■ **BRIEF**: Look below for the line that contains "丸莊壺底油膏 - Wuan Chuang Black Bean Soy Paste", then copy it and each following line to the end of the records, minus any pictures.
Top of PROVIDED INFORMATION
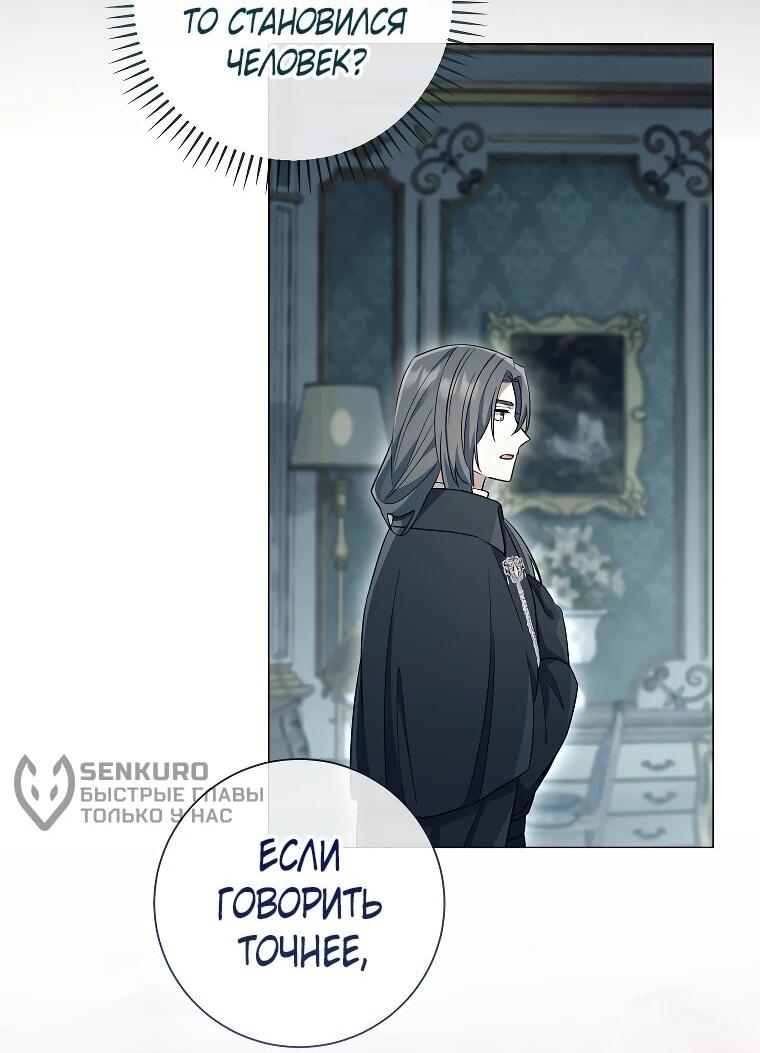 Манга Магический лорд - Глава 46 Страница 30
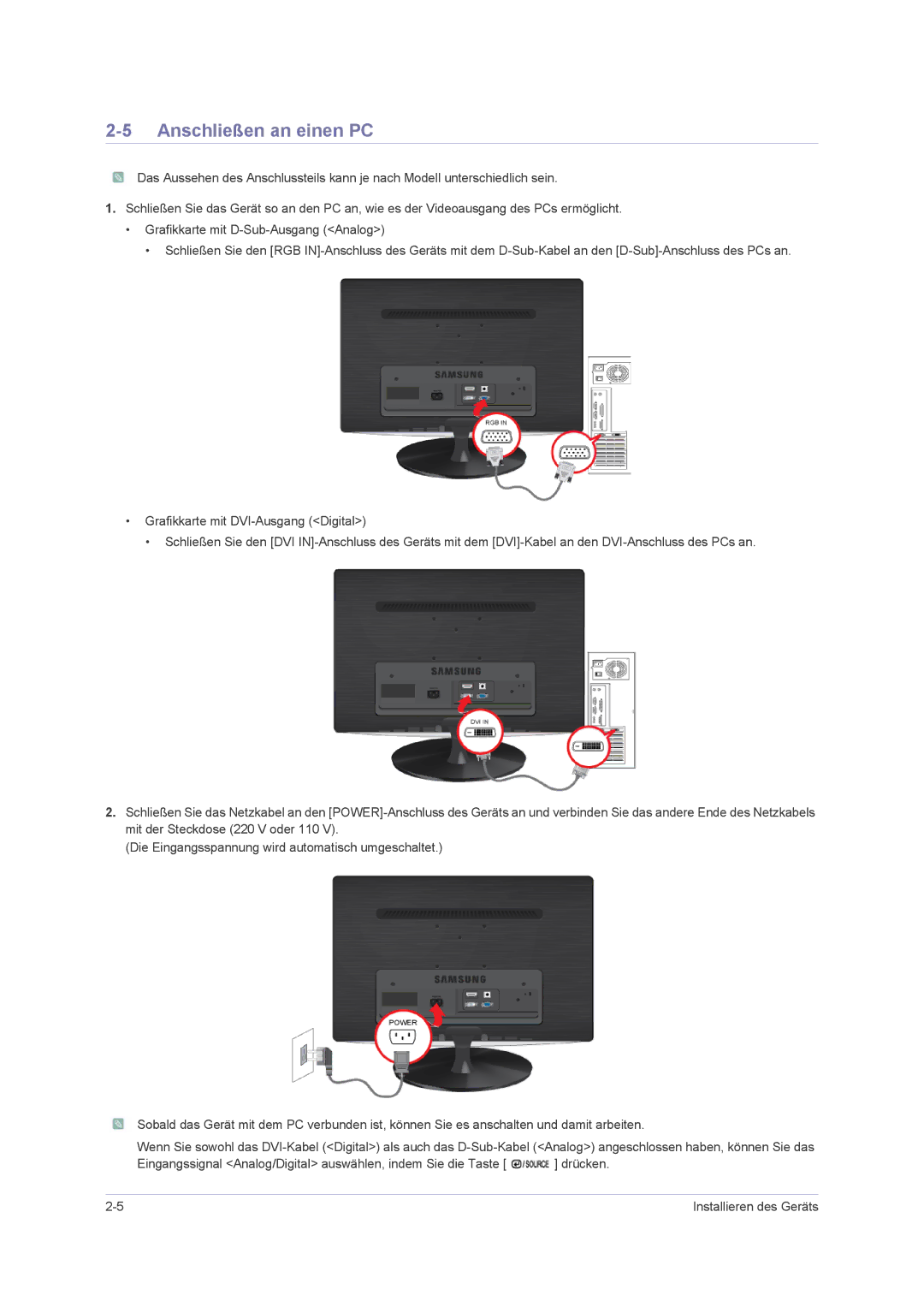 Samsung LS22PUHKFV/ZW, LS24PUHKFV/EN, LS23PUHKFV/EN, LS23PUHKF/EN, LS22PUHKFY/EN, LS22PUHKF/EN manual Anschließen an einen PC 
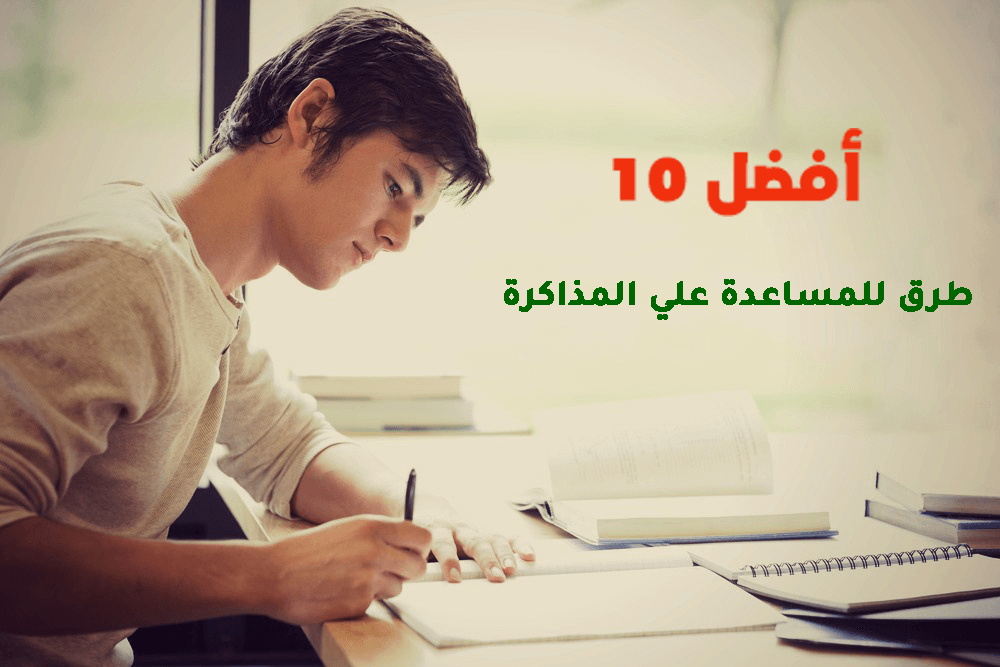 أفضل 10 طرق للمساعدة علي المذاكرة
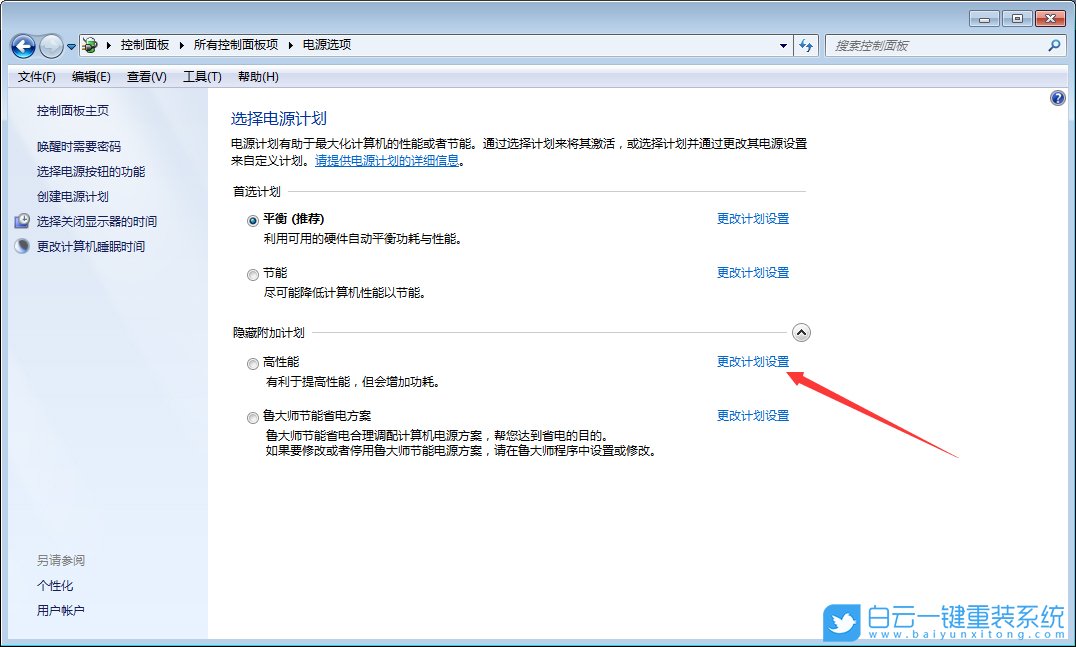 win7,高性能設(shè)置步驟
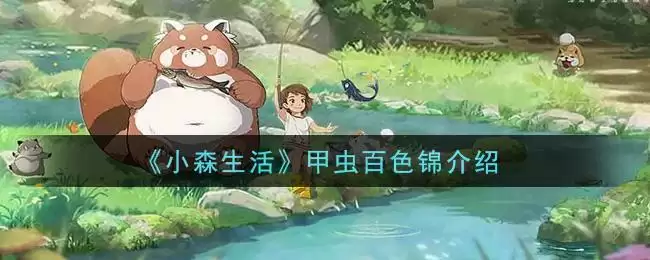 《小森生活》甲虫百色锦介绍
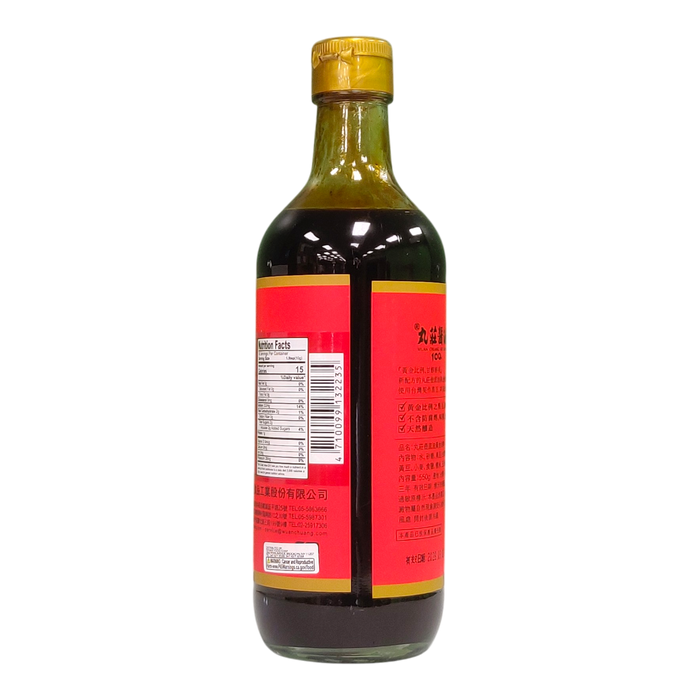 丸莊壺底油膏 - Wuan Chuang Black Bean Soy Paste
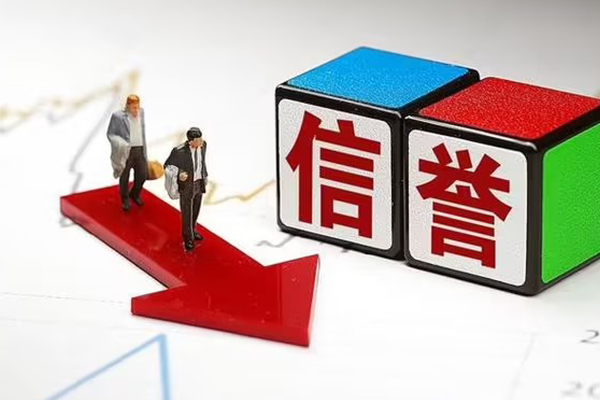 深圳信用私人正规借贷-深圳信用短借私借空放-深圳信用借钱短借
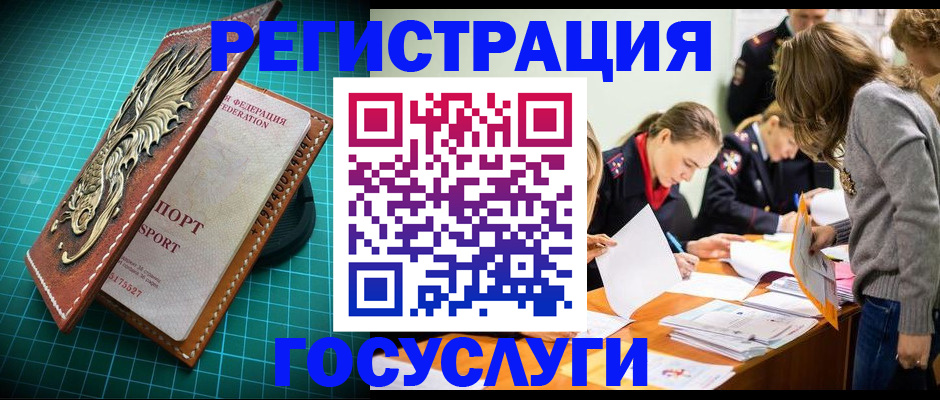 где прописаться в Балахне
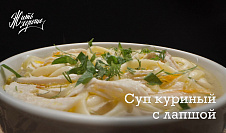 Суп куриный с лапшой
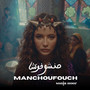 Manchoufouch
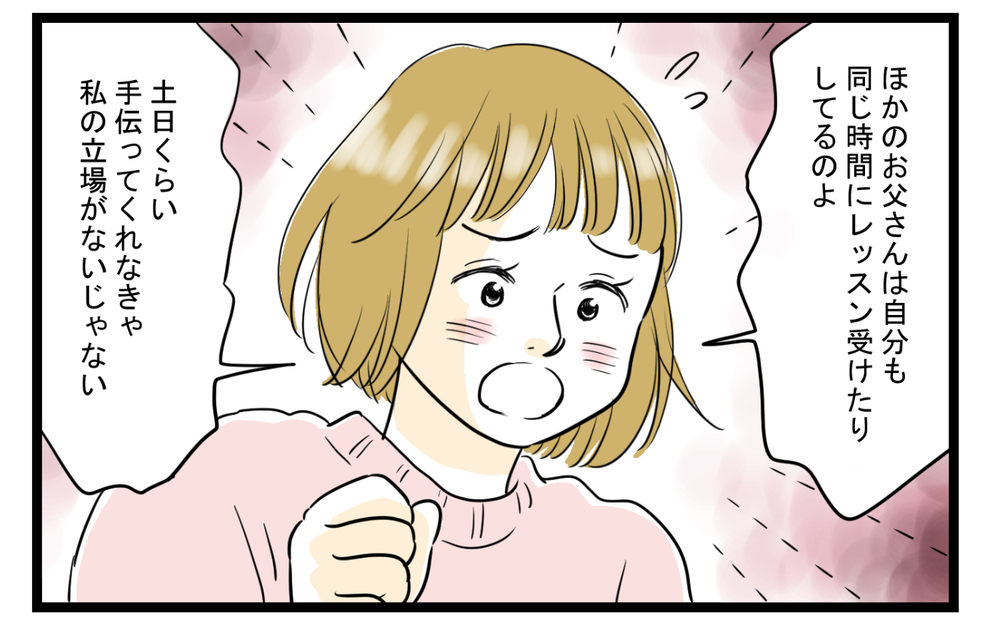 妻が勝手に子どもの習い事を決めてしまう…／習い事で夫婦喧嘩勃発（1）【夫婦の危機 まんが】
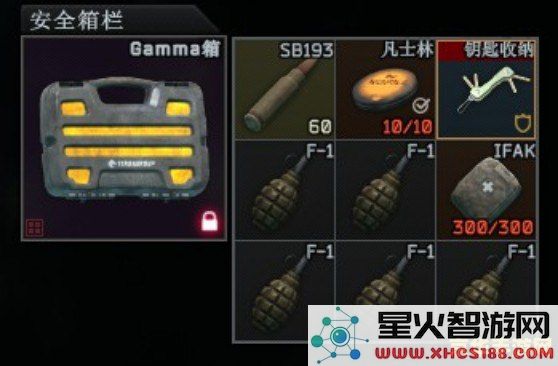 原神怎么和好友组队玩
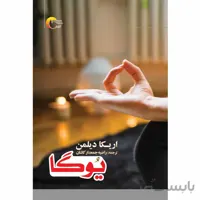 یوگا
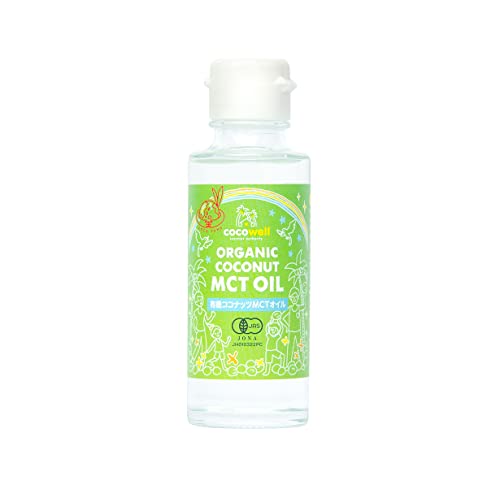 ココウェル 有機ココナッツMCTオイル 93g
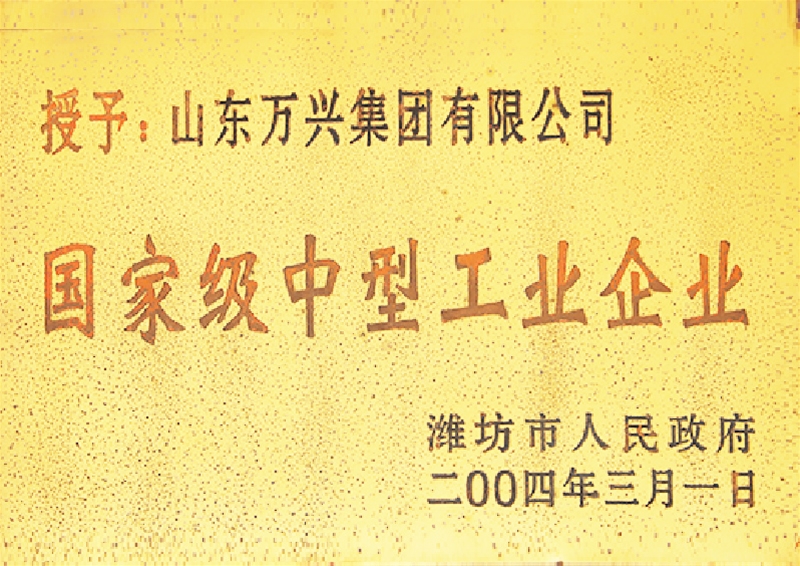 �������͹�ҵ��ҵ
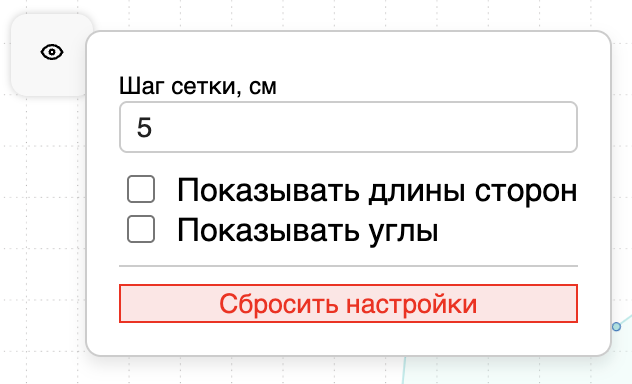 Настройки отображения для доски выкроек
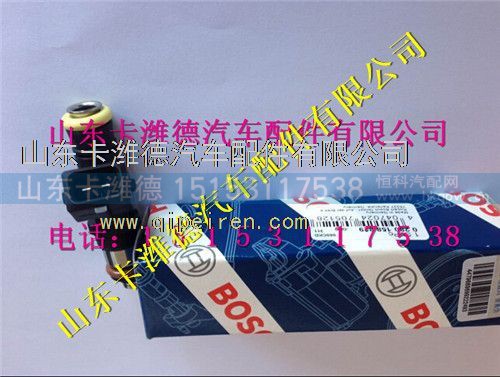 280158830,潍柴天然气发动机配件博世燃气喷嘴,山东卡潍德汽车配件有限公司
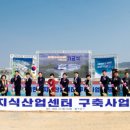 광성건축사사무소 - 중구 장충단로 224 | 광성건축사사무소
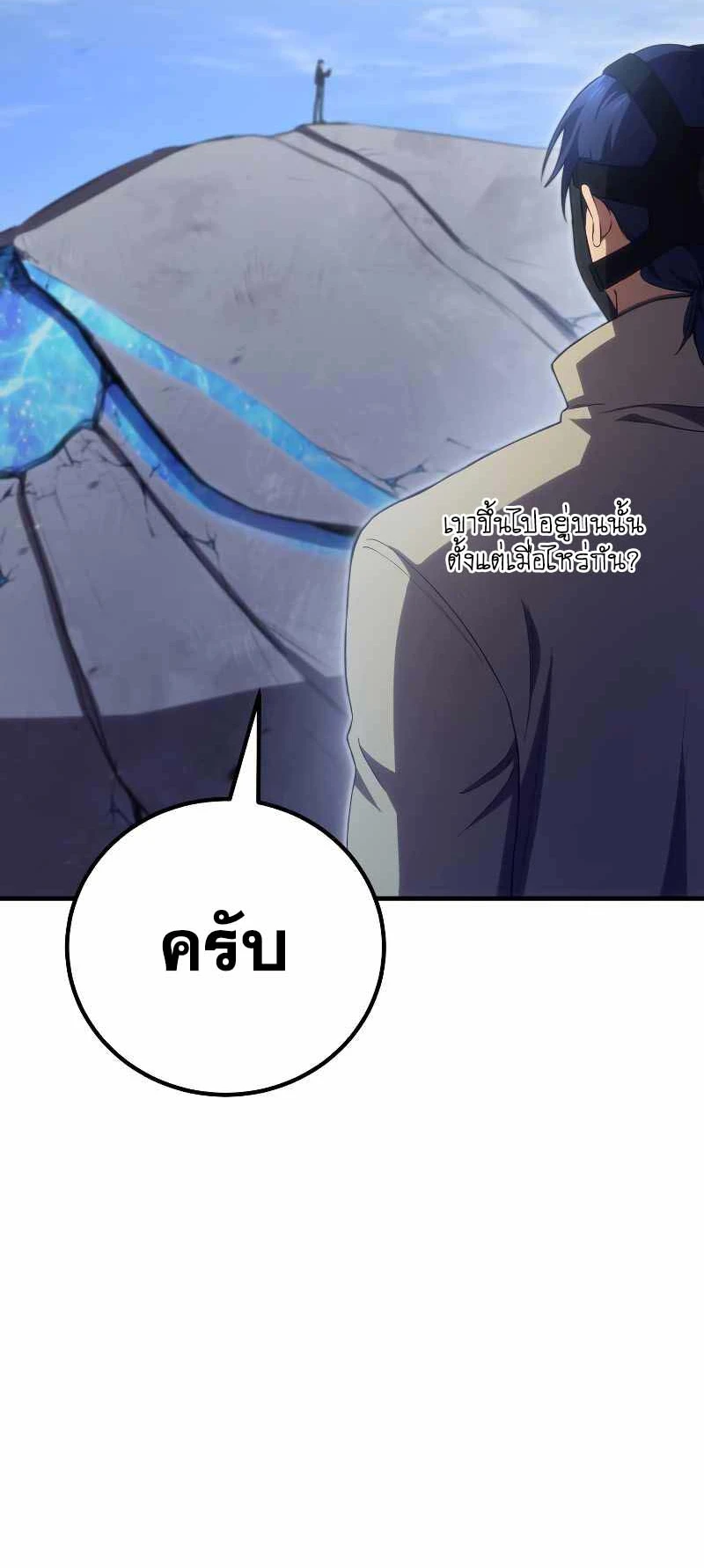 หน้า 77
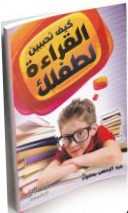 كيف تحببين القراءة لطفلك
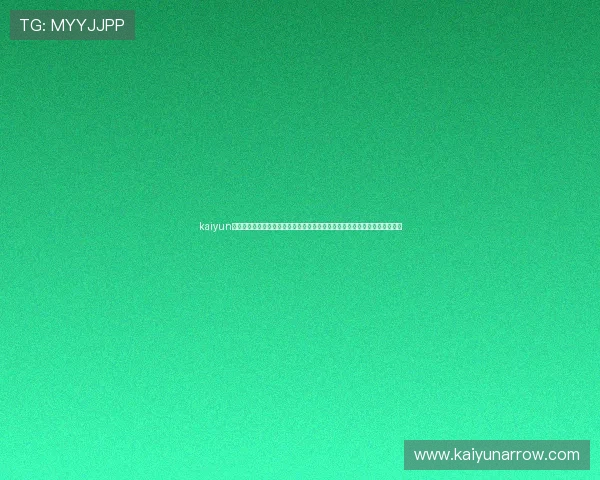 kaiyun网页登陆全面解析世界杯赛事直播、比分更新及精彩集锦的权威体育网站入口 kaiyun网页登陆全面解析世界杯赛事直播、比分更新及精彩集锦的权威体育网站入口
Bottom of PROVIDED INFORMATION
■ **THE ANSWER**:
 丸莊壺底油膏 - Wuan Chuang Black Bean Soy Paste
 深圳信用私人正规借贷-深圳信用短借私借空放-深圳信用借钱短借
 где прописаться в Балахне
 Суп куриный с лапшой
 Manchoufouch
 妻が勝手に子どもの習い事を決めてしまう…／習い事で夫婦喧嘩勃発（1）【夫婦の危機 まんが】
 原神怎么和好友组队玩
 یوگا
 ココウェル 有機ココナッツMCTオイル 93g
 �������͹�ҵ��ҵ
 Настройки отображения для доски выкроек
 280158830,潍柴天然气发动机配件博世燃气喷嘴,山东卡潍德汽车配件有限公司
 광성건축사사무소 - 중구 장충단로 224 | 광성건축사사무소
 หน้า 77
 كيف تحببين القراءة لطفلك
 kaiyun网页登陆全面解析世界杯赛事直播、比分更新及精彩集锦的权威体育网站入口 kaiyun网页登陆全面解析世界杯赛事直播、比分更新及精彩集锦的权威体育网站入口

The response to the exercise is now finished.